(Adds more remarks from Clarida)
Nov 1 (Reuters) - The three rate cuts passed by the Federal Reserve this year leave the U.S. economy better armed to withstand the risks of a global slowdown, Fed Vice Chair Richard Clarida said on Friday, further supporting the case for keeping rates steady for now.
Clarida pointed to positive reports on employment and housing as evidence that the U.S. economy is “resilient” to potential headwinds from the trade war and slower growth abroad.
“We’ve done the adjustment,” Clarida said in an interview on Bloomberg TV. “I would be less optimistic on the economy if we had not made those 75 basis point adjustments.”
Clarida said the Fed was working to extend the longest U.S. economic recovery on record. Officials voted this week to lower its benchmark rate by a quarter percentage point to a range of 1.50% to 1.75%, a move Clarida said could have a greater influence on the economy at the end of this year and in the first quarter of 2020.

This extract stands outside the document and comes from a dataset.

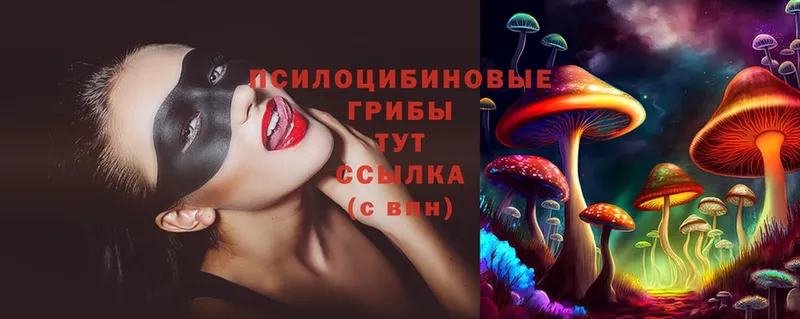 Галлюциногенные грибы Magic Shrooms  как найти   Белорецк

The policymaker made it clear he thinks the U.S. expansion still has room to run, saying the economy is not late in the business cycle and that the consumer has “never been in better shape.”
But he said officials would continue to watch the data and consider more easing if there were to be disappointing reports on employment, inflation and growth.
When asked about the Fed’s purchases of short-term Treasury bills, which are meant to increase liquidity in the banking system, Clarida called the program “Central Banking 101.”